God did not create something that has always existed, how could he. He did not bring into being that which already existed. We were, and are, lesser beings then He is. We had no body, we were sinners. Of course we were lesser beings. No Christian would contradict that. Have you not read revelations and the war in heaven. The very reason why evil is in the world.
We are in an existence not unlike the matrix. I took the blue pill whereas you took the red pill. I know that I am the product of the physical and the spiritual. And I know what roll God plays in it. My spirit is a part of the quantum network. Funny, the Matrix movie was made by a Christian.
WHY? If you had any knowledge about the plan of Salvation then you would not say that. That is why this is a argumentum ad ignorantium
God is not a fact. He transcends the need for facts.
I have not acknowledged God is not a Supreme Being in premise five, on the contrary, my response shows him as caring and compassionate making him more of a Supreme Being. You are not taking into account the attributes of a God. You are suggesting that the attributes are in fact faults.
Ah, by that you obviously mean a play on words excluding culture and colloquialisms. Trickery. When we were in the council of heaven and the plan was presented to us, God, naturally, had a desire for us all to return. As soon as the third of the host of heaven rebelled he knew that his desire would never come to pass.
No, as I have said, God had a desire for us to return to him after the trail of our faith. He cannot force us to return, as Satan wanted to do, and reap the glory, because it would remove free agency and destroy his entire plan of Salvation. He most certainly does not have needs or unfulfilled wishes, he is a God.
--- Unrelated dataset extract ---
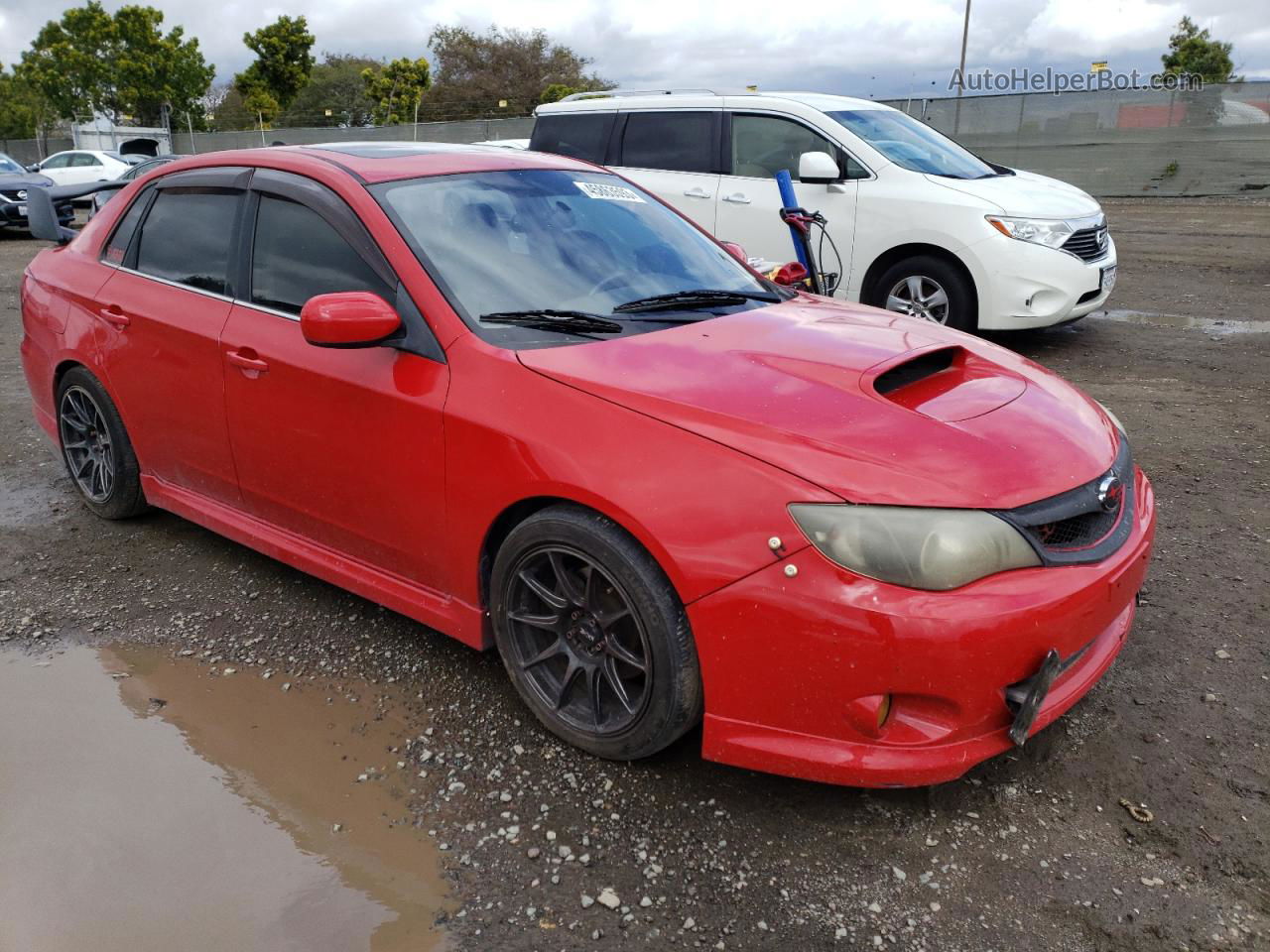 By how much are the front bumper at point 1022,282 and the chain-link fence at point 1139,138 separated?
15.5m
God had a desire for X. He cannot make X happen for reasons I have already said. In fact X will never be realised by him because of people like yourself. And X cannot be evaluated until the second coming when we will be judged for our mortal probation. I desire to own a Rolls Royce Silver Shadow. A desire I feel will never be realised, however, it is was a desire and never a unfulfilled wish. A desire is, of course a wish. A wish is a desire or hope for something that cannot or probably will not happen. An unfulfilled Wish means a wish that has not been achieved. It is in the past tense. No, God has no wishes that have not been fulfilled.
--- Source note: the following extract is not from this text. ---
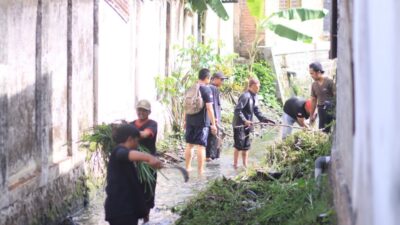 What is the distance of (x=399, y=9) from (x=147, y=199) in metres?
5.88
On the contrary, your assertion that God created our spirit being is false, therefore, I have refuted what you have claimed to be true. Secondly, God's desire has been fulfilled. He no longer desires a relationship with us as he has it.
We have always existed, he has always had a relationship with us, he has a relationship with 2.2 billion of us today. Therefore, God no longer has a want or desire as he has it now and continues to have it. God is pretty satisfied with the way the plan is progressing, I would think.
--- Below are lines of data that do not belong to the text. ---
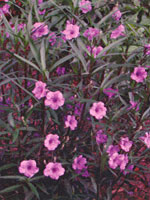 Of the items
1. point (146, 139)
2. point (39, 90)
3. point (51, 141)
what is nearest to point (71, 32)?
point (39, 90)

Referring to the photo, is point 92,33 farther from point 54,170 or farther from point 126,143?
point 54,170

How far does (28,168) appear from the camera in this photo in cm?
165

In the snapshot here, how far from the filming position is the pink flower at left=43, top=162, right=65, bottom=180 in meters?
1.65

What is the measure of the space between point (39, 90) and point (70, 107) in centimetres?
43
That would only be true if by having desires that it would, in some way, make God imperfect. It doesn't, so he is the Supreme Being.
God is a God of love and compassion. He has a desire for all of us to return to him in heaven. Does that compromise his roll as a Supreme Being, no, of course it doesn't it enhances it and makes his existence even more tenable. By demonstrating that God has desires and passion all you have done is to make his existence more probable then not, for that I thank you. Are my answers self contradictory? The premises have certainly made me think because they are a little vague, for example, premise five does not stipulate whether the needs and wants are physical or emotional. Physically he is perfect and self sustaining, however, emotionally he has perfect love, desires and passions which may appear to the non-believers as a fault rather then the attribute it is. But if it seems like my answers are self contradictory then it is because I have not fully understood what point you were making at the time or, I had to reason it out in my mind whilst I was writing, showing my "workings out", which is not a good idea. I normally give it much more thought before responding. .
Conclusion. God is very much the superior being that Christianity claims, so I can reaffirm that it is unlikely that anybody can prove any different. God lives and loves all of us equally with compassion and a desire for us to be happy.